Faculty and staff selected to develop interdisciplinary projects
  • Competitive award juried by eminent humanities faculty at other universities
  • Recipients granted a precious commodity: Time to pursue research
  • Seven fellows include seven faculty members, one library staffer
  • Fellowship inspires research within an interdisciplinary setting
EVANSTON, Ill. --- The Kaplan Institute for the Humanities at Northwestern University has named eight new fellows who will spend the year researching a wide range of issues, including antiwar activism in the 1970s, new media and the politics of sexual health.  

The 2015-16 Kaplan fellows -- seven faculty members and a Northwestern University Library staff member -- are granted either a full year of leave or a significant reduction in teaching duties in order to develop research within an interdisciplinary setting. Serving as the core members of Northwestern’s humanities community, the fellows discuss their work throughout the year and critique the efforts of graduate and undergraduate affiliates. 

Once the fellowship year concludes, the fellows will circulate their work more broadly by teaching a humanities course to undergraduates.

The highly competitive award is juried by eminent humanities faculty at other universities.

The Kaplan Humanities Institute is the center of cutting-edge discussions on research and teaching numerous humanities departments and programs. The 2015-16 fellows and their own descriptions of the research projects follow:

Michael Allen, associate professor of history, Weinberg College of Arts and Sciences

“Tug of War: Confronting the Imperial Presidency, 1966-1992”

“This project explains why leading liberals joined grassroots peace activists and civil libertarians in the "long 1970s" to challenge what many came to consider the core contradiction of Cold War liberalism: its reliance on war power as the basis of state power and its concentration of that power in the presidency. Such efforts, I argue, moderated modern liberalism's foreign policy militancy but sacrificed its grip on presidential power, ceding control of the national security state to more bellicose foes.”
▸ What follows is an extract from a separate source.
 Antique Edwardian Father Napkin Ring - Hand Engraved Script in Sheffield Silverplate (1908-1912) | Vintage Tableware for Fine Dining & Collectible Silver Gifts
Mark Alznauer assistant professor of philosophy, Weinberg College of Arts and Sciences

“Hegel and the Logic of Self-Constitution”
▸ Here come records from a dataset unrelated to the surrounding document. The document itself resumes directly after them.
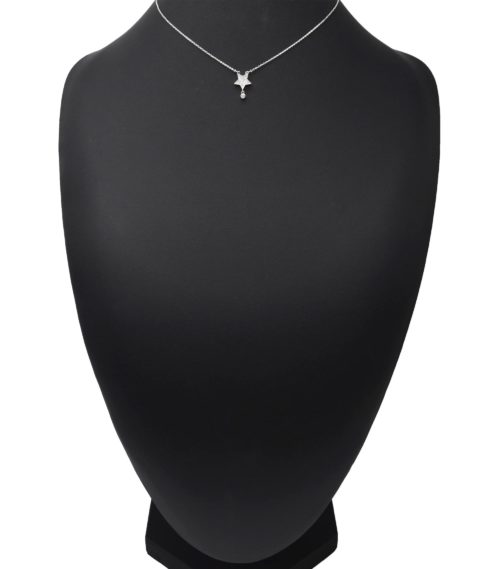 Collier-Fine-Chaine-Pendentif-Argente-Etoile-avec-Strass-Dore-a-lOr-Fin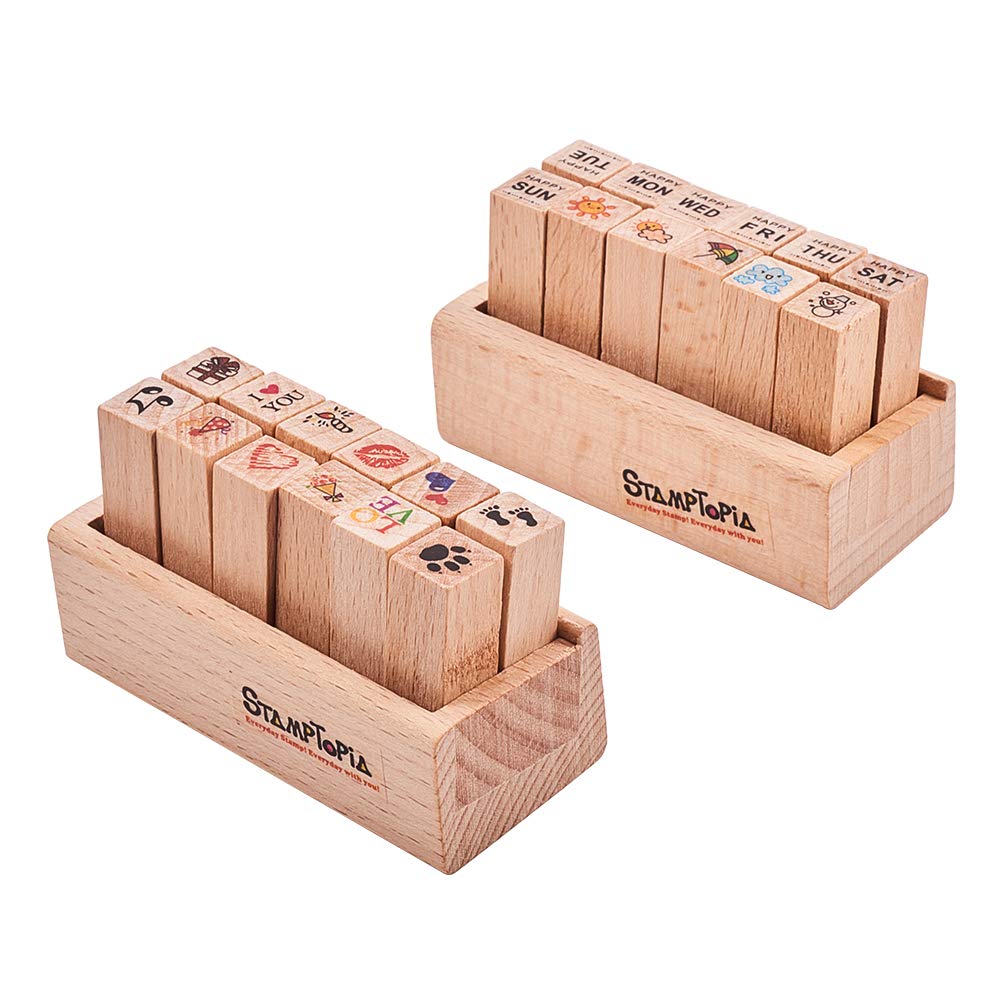 WANDIC Mini Wood Rubber Stamp, 24 Pcs 2 Different Themed Stamps with Wooden Box for DIY Crafting, Card Making and Scrapbooking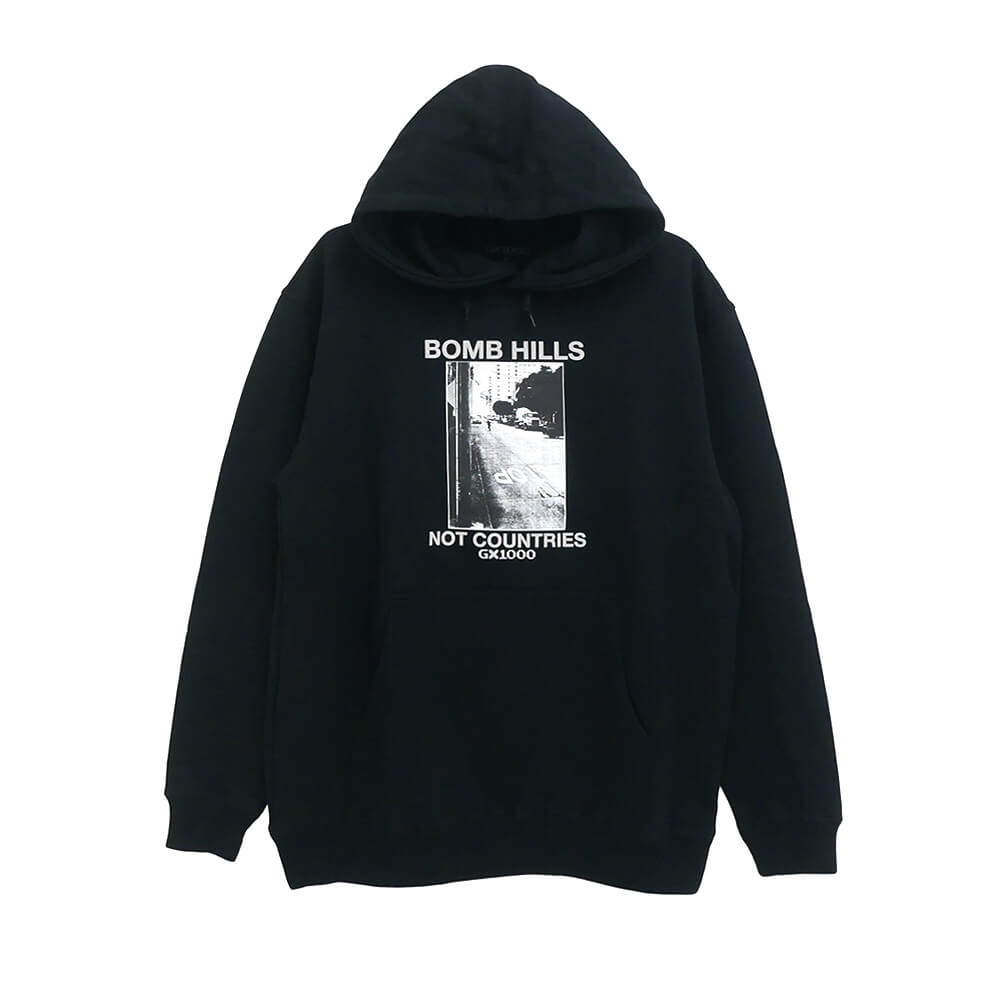 GX1000 HOOD ジーエックス1000 パーカー BOMB HILLS SK8 FIT BLACK/GREY スケートボード スケボー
This project will focus on one of Hegel's most peculiar and provocative claims: Certain human enterprises -- like art, religion, and philosophy -- are distorted when they are understood as expressions of the finite ends of individuals.  I will argue that Hegel understands these activities as distinct because they aim at self-transcendence.”

Aymar Jean Christian, assistant professor of communication studies, School of Communication

“Open TV: Developing Art and Community-Based Networked Television”

“The Open TV project will investigate the possibilities of web video for community-based arts by those marginalized in corporate creative industries (primarily queer, trans, and people of color). The project adapts television development processes for digital markets by releasing stories in different lengths and times and syndicating existing productions. The goal is to empower artists with control and ownership of their work and to promote conversation about art and identity online.”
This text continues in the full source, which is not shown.